St. Germain said that it was during his time at Passages that he fell in love with school and learned he could do more with his life than be a basketball player, rapper or "a hustler on the street."
“If it wasn’t for this, I don’t know where I'd be right now,” he said. “I’d probably be dead or in jail."
Officials said the school, which is one of five of its kind, is nothing like a traditional public school. Some classes have as few as eight students, who get lots of attention from teachers and staff. Students typically live in group homes and are transported back and forth by staffers, who also join them in the classroom, Principal Stephen Wilder said.
“These are some of the most strict classes you’ll ever sit in," St. Germain said.
The state's youth prisons have long been the subject of scorn from both local and federal authorities, with a whopping 81 percent of young men in the system re-arrested within three years of their release.

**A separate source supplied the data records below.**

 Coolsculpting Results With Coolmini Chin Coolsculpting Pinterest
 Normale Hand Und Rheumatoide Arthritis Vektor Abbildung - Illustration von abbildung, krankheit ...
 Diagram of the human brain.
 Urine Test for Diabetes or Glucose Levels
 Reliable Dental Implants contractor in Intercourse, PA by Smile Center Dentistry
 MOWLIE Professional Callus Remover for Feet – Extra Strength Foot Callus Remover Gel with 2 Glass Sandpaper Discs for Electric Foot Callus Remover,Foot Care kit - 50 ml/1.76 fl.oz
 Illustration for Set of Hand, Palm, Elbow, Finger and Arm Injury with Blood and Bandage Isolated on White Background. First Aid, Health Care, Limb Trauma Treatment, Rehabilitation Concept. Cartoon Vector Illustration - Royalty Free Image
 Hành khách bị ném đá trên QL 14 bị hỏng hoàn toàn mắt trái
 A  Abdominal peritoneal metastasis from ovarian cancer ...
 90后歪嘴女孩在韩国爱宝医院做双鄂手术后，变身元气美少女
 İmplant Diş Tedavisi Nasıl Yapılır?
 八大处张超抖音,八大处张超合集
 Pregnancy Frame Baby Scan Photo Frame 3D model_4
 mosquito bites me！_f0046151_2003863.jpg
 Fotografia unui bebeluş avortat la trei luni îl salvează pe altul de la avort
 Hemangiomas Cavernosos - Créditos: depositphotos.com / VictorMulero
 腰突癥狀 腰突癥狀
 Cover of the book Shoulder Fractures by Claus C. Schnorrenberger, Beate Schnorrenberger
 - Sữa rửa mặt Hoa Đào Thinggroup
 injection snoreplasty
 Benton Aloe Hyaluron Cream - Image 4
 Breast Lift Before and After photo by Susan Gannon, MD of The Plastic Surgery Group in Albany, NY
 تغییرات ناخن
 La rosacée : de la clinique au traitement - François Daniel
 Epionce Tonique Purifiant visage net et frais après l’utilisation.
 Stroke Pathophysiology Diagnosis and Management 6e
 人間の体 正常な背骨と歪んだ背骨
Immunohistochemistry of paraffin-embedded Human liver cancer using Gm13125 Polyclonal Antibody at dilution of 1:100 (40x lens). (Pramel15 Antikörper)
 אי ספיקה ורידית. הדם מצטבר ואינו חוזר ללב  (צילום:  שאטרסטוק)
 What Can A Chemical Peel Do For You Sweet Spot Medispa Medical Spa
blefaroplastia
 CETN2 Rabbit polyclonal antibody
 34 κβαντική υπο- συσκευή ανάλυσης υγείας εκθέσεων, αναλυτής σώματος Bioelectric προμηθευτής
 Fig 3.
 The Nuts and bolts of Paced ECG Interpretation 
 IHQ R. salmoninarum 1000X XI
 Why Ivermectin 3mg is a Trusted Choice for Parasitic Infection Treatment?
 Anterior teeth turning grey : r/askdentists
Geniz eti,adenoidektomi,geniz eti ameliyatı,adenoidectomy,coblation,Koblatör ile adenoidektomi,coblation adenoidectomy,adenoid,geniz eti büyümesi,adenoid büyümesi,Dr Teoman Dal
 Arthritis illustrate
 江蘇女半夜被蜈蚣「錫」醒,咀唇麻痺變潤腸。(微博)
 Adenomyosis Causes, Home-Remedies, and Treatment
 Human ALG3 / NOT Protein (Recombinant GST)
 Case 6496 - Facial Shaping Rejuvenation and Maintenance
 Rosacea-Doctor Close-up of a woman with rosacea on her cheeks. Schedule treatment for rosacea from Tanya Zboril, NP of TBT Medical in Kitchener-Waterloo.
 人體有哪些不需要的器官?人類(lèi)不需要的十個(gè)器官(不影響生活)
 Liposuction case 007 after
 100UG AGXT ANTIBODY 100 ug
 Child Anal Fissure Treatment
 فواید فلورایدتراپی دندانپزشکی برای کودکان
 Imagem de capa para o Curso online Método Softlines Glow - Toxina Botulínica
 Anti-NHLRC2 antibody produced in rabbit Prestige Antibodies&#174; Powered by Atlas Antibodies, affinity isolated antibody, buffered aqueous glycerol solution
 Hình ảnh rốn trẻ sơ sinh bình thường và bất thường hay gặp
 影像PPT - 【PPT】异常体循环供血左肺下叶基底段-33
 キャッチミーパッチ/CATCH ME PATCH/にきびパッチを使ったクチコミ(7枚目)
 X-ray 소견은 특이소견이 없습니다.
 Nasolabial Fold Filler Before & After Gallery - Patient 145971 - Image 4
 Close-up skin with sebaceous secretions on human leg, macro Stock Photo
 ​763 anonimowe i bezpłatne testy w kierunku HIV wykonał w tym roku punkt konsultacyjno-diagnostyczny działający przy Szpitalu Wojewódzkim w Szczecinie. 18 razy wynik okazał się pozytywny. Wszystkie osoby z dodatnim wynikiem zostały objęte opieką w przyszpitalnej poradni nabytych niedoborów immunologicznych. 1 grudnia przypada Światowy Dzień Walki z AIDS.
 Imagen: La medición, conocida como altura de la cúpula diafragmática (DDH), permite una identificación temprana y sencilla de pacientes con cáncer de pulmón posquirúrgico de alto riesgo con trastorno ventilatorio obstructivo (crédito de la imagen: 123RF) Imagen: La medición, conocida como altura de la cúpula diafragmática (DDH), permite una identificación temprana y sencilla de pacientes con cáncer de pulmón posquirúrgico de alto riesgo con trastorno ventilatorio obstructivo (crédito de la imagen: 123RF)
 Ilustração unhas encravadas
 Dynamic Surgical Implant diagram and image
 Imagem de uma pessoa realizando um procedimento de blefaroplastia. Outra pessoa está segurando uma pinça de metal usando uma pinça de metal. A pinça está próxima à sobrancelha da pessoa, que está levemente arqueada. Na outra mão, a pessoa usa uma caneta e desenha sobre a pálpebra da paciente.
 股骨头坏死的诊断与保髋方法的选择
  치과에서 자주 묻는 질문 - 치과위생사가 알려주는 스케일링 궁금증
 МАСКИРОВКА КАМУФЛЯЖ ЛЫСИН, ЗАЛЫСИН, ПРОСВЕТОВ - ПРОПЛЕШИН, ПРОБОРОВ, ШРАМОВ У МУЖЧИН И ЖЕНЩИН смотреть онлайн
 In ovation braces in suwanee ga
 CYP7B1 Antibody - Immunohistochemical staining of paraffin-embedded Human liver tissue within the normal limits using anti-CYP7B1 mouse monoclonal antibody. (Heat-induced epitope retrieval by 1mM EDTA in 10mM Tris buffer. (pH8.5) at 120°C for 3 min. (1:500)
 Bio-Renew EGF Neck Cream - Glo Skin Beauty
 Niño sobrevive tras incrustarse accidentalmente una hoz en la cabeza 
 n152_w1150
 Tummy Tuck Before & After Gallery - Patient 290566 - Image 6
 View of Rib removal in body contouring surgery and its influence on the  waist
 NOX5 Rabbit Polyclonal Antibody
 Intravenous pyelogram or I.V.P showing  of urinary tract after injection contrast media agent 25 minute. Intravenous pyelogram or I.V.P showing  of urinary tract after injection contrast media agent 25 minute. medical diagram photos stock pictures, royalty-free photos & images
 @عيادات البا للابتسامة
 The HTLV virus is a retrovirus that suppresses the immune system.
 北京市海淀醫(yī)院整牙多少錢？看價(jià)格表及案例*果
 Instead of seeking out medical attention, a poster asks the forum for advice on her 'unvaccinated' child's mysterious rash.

The facilities also cost the city a pricey $300,000 per child a year, and didn't have accredited high schools, so that students returning back to the city found themselves even further behind.
Bloomberg said the Close to Home program was designed to try to “break that cycle” that leads so many young offenders into dead ends.
“If these kids don't get an education, what’s they’re future?” he asked. “What happens if they get hungry? We all know what happens.”
“The next cycle is they go to Rikers, and the next cycle is they go to the prison system, and the next cycle is they go to a slab in the morgue,” he said.
The effort is part of the larger Young Men’s Initiative — a sweeping program that was launched by the mayor last year to try to improve outcomes for young black and Latino men whose drop-out rates, arrest rates and incarceration rates far out-pace others their age.
So far, officials said, the initiative's programs have reached about 4,000 young men, including more than 500 placed in internships, hundreds placed in job training programs, and more than 1,000 who have participated in father support groups.
The $127 million effort is being funded partially with personal donations from Bloomberg and fellow billionaire George Soros.